Recursing into Recursion - Memoization

Lately, I've been heads down on a lot of concurrency items which will hopefully come out soon.  In the mean time, I want to get back to the basics one last time with recursion.  As I posted earlier, I've been talking about recursion in the past couple of posts, and this one will be one last on the topic.  I'll do my best to post the samples in both C# and F#.  As always, you can find my C# samples on MSDN Code Gallery at the Functional C# Samples.

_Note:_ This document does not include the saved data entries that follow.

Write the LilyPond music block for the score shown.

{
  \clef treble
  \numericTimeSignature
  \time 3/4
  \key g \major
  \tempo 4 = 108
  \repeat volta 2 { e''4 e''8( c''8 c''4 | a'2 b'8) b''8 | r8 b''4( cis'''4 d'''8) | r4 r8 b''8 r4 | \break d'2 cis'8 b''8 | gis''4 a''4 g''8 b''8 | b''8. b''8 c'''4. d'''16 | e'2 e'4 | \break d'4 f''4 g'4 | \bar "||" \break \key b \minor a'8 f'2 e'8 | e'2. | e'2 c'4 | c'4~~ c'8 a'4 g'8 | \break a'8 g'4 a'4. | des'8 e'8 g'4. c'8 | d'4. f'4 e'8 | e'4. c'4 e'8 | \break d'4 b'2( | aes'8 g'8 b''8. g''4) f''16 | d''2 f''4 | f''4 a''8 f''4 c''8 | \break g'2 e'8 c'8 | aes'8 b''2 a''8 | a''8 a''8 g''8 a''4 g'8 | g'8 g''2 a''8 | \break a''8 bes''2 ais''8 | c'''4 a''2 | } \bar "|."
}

Let's catch up to where we are today:

Memoization

When doing heavy computations through recursion, memoization becomes a pretty important topic.  The idea behind memoization is to speed up your programs by avoiding repetitive calculations for previously processed function inputs.  Let's go ahead and try a simple example using the ever so trite Fibonacci sequence as a quick example.

F#
let rec fibonacci n =
  if n <= 2 then 1 
  else fibonacci(n-1) + fibonacci(n-2)

C#
static int Fibonacci(int n)
{
    return n <= 2 ? 1 : Fibonacci(n - 2) + Fibonacci(n - 1);
}

But, if you call these above functions time and time again with nearly the same input, they have to go through the same computation again and again, which isn't necessary.  So, instead, let's try through the technique of memoization to speed up this computation.

F#
let fibonacci = 
  let t = new Dictionary<_,_>()
  let rec fibCached n = 
    if t.ContainsKey(n) then t.[n]
    elif n <= 2 then 1
    else
      let res = fibCached(n - 2) + fibCached(n - 1)
      t.Add(n, res)
      res
  fun n -> fibCached n

C#
public static Func<int, int> Fibonacci()
{
    var t = new Dictionary<int, int>();
    Func<int, int> fibCached = null;
    fibCached = n =>
    {
        if (t.ContainsKey(n)) return t[n];
        if (n <= 2) return 1;
        var result = fibCached(n - 2) + fibCached(n - 1);
        t.Add(n, result);
        return result;
    };

    return n => fibCached(n);
}

As you can see from the above code, we're using a Dictionary<TKey, TValue> as our storage for already computed values.  Then we go ahead and compute the values if we have not seen them before.  We'll see a pretty impressive speed boost when calling with repetitive values.  But, that's not a generic solution, and I'd rather have the ability to take a generic function and pass any function to this and compute.  So, let's go ahead and make this generic.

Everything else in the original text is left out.